By DAVID DUPONT
BG Independent News
The Brown Bag Food Project needs to move out of mom’s house.
The charity which provides emergency food and other essential items to those who find themselves in crisis has been storing its inventory in Peg Holland’s garage and spare room. Holland is the mother of Amy Jo Holland, the founder of the Brown Bag Food Project.
The project was founded last year. It received its tax deductible status in June, 2015. Amy Jo Holland created it when she learned that some fellow workers at the local Walmart didn’t have enough to eat. From that act grew a project that now feeds about 200 people a month.
The Brown Bag mission is to help people get over an emergency so they can seek more permanent help. They provide both non-perishable and fresh items as well as personal hygiene items and toiletries including diapers. Given that the calls can come at any time, Brown Bag has to have items on hand.
Right now that’s at Peg Holland’s house. The inventory is outgrowing the space, and the lack of a real home is also hindering the operation.
Amy Jo Holland said having a local space would allow them to purchase food from places like Northwest Ohio Food Bank at a much lower price than they can buy it retail.
With the winter much of what is in the garage would have to move indoors, and Peg Holland doesn’t know where she’d put it.

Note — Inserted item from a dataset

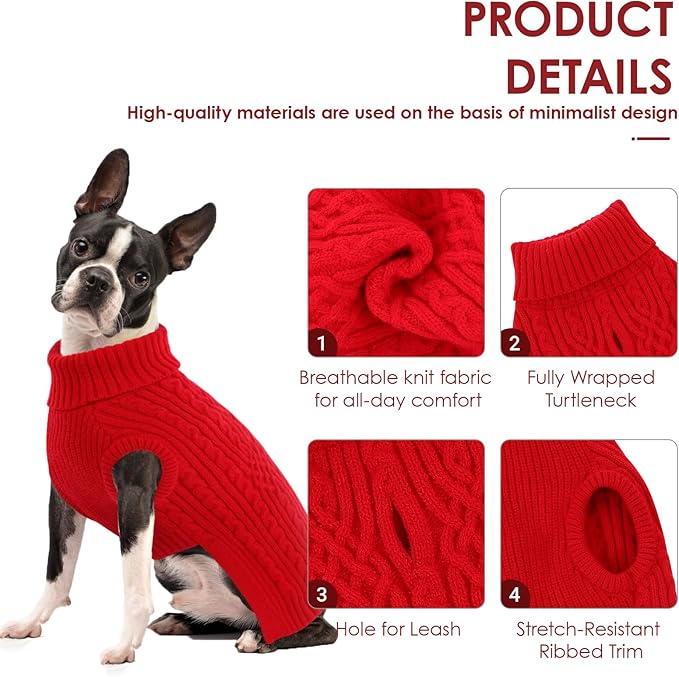 AOFITEE Small Dog Sweater, Dog Sweaters for Small Dogs Girl Boy, Warm Christmas Sweater for Dogs, Pet Sweater with Harness Hole for Fall Winter, Stretchy Pullover for Yorki, Chihuahua, Maltipoo, Red S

Peg Holland, who is on the project’s board, said they’ve been offered commercial shelves. Those shelves, her daughter said, would be great because they would allow volunteers to only handle the items once, instead of packing and unpacking them.
The project has also been offered another refrigerator, which is does not have room for.
There’s also an issue of safety and privacy for Peg Holland of having strangers whether picking up food or volunteers coming in and out of her home.
A new warehouse would give the project a place where people could come to pick up their packages. Now those donations have to be arranged, in sites like the Walmart parking lot. That can seem “a little sketchy,” Amy Jo Holland said.
Board members have looked at a few potential sites. Amy Jo Holland said they saw one of about 500 square feet and while that would meet the immediate needs, it wouldn’t do for the long run. Probably, she said, 1,000 square feet would be better. Ideal would a warehouse setting. Another food pantry operator advised looking at having large enough doors for when they start having to deal with pallets of food.
The board has started a Go Fund Me campaign to raise money to pay for the new home. Contributions can be made at gofundme.com/bbfpspace.
If the warehouse had a kitchen space, Amy Jo Holland said, that would be ideal, but not necessary.
The project is looking for a temporary kitchen that has a commercial license so it can produce its signature caramel apples, which it sells as a fundraiser.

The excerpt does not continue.